The theory of sustainability was developed with a global framework in mind.
“The earth is a shared system with many interacting parts, so it isn't possible to consider any action to address sustainability in isolation," said Elena Irwin, distinguished professor of food, agricultural and environmental sciences in economics and sustainability and faculty director at Ohio State’s Sustainability Institute (SI).
The long-term goal of sustainability is to ensure that our actions today are in balance with the needs of the future, Irwin said. Sustainable development meets the needs of the present without compromising the ability of future generations to meet their needs.

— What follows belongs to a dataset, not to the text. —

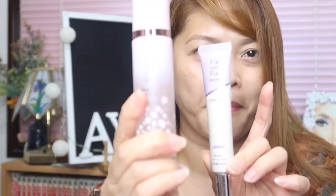I have two bases here. I have the Fix & Fix Primer Tone Up and also the Blossom Picnic Glow on Hydra Base. This is the newest item sent to the house when I visited a month ago.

“It’s impossible to draw a boundary around any one state or region that would separate it from other regions. We have to somehow account for this fundamental interdependence when applying the theory of sustainability at a regional scale.”
To determine how to classify regional efforts, Irwin and Sathya Gopalakrishnan, associate professor, and Alan Randall, professor, and SI resident scholar, started with two different existing sustainability theories, that lie at different ends of the spectrum. The strong sustainability approach emphasizes the notion that sustainability is defined by development that does not exceed certain biophysical limits or agreed upon pollution limits. This suggests that the preservation of earth’s natural resources and capital stocks is the primary goal regardless of the economic or other social costs.

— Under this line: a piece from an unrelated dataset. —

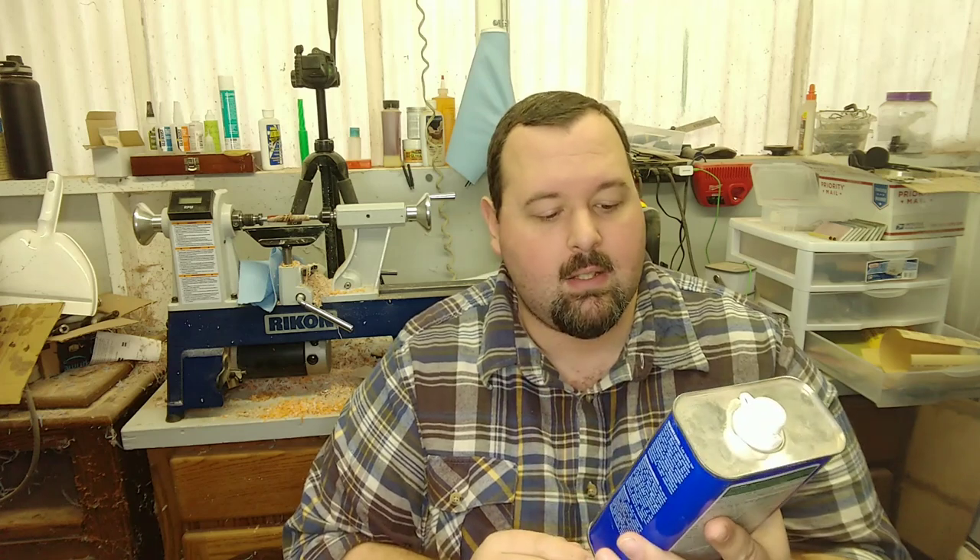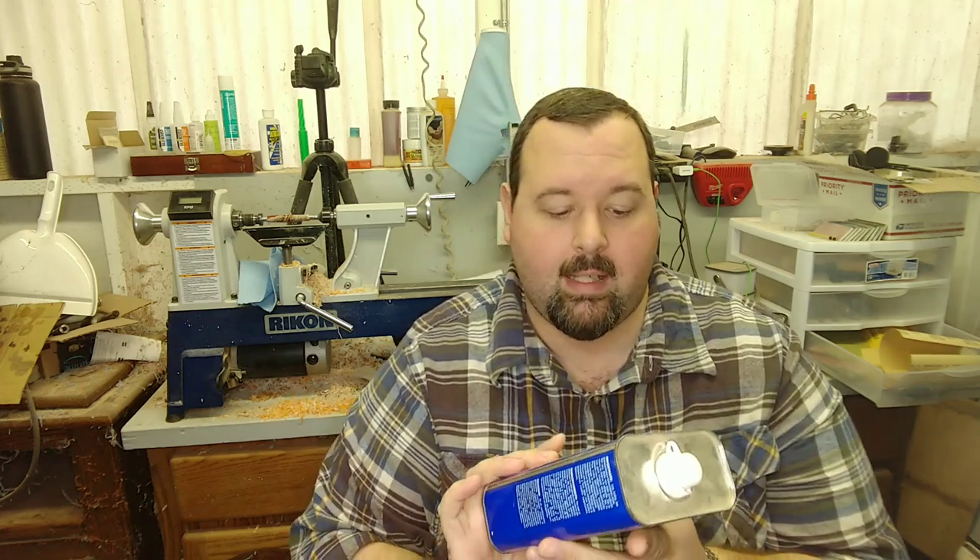Now we're going to talk about denatured alcohol and why it works better for wood turning. Denatured alcohol is a wonderful substance. It's a fuel — you can actually use it to burn and cook with. This one is by Clean Strip Green. It's a clean-burning fuel and it has no water content. That's the nice thing about it. You're not going to have any water leftover saturated into the wood. It evaporates really rapidly and it takes dust and stuff with it.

Weak sustainability accounts for multiple forms of capital: natural capital, such as land and other natural resources, as well as manufactured capital, human and health capitals. This approach recognizes that innovations in one type of capital can often substitute for losses in other types of capital. For example, advances in technology that improve resource efficiency can offset losses in natural capital. Weak sustainability emphasizes the importance of sustaining the aggregate value of all capitals, called inclusive wealth, over time.
"Weak sustainability makes sense as a basic framework for regional sustainability," said Irwin. “Regions are open economies with trade and migration flows of financial capital, goods and services, and people across space."

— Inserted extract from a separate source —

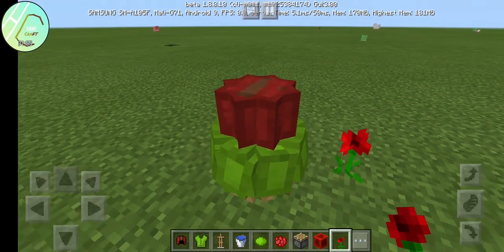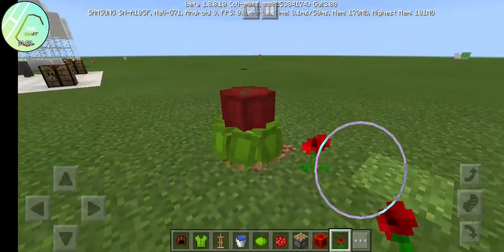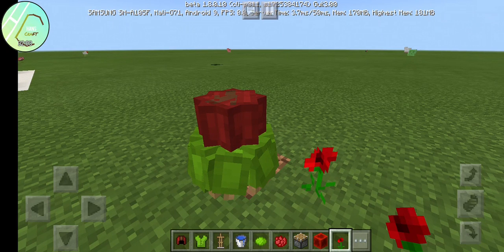Which flower is beautiful — this or this? Please comment. Okay, goodbye. Please like and subscribe to our YouTube channel, HansCraft. Goodbye!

The distribution of capital and wealth can be very uneven across regions and cities are extreme concentrations of built and human capital. If a region lacks a resource, they rely on trade with other regions to fill the need. But what if the resource is water, and it cannot be traded or bought? To acknowledge the constraints of essential or critical resources, Irwin, Gopalakrishnan, and Randall came up with the term weak sustainability plus. This includes the weak sustainability framework of non-declining inclusive wealth, with the addition of strong stability constraints, as needed.
This means if a resource like water is limited and cannot be obtained through trade, other strategies must be developed.
A strong sustainability policy example is the State of Ohio’s efforts to reduce total phosphorus loads in Lake Erie by 40%, based on 2008 levels, by 2025. Lake Erie is a unique resource and it is not possible to replace it with other types of capital.
Another way to downscale regional sustainability efforts is to focus on the things that make one place different than another, which means place-specific or place-bound capitals that are not mobile. Irwin and Randall are pursuing this work in collaboration with other Ohio State researchers through a grant from the National Science Foundation that is supporting this work in the Great Lakes region.
For Irwin, downscaling global sustainability and theory approaches to a regional scale is a worthy cause.
“At the end of the day, the decisions that are being made are being made at these local and regional scales.”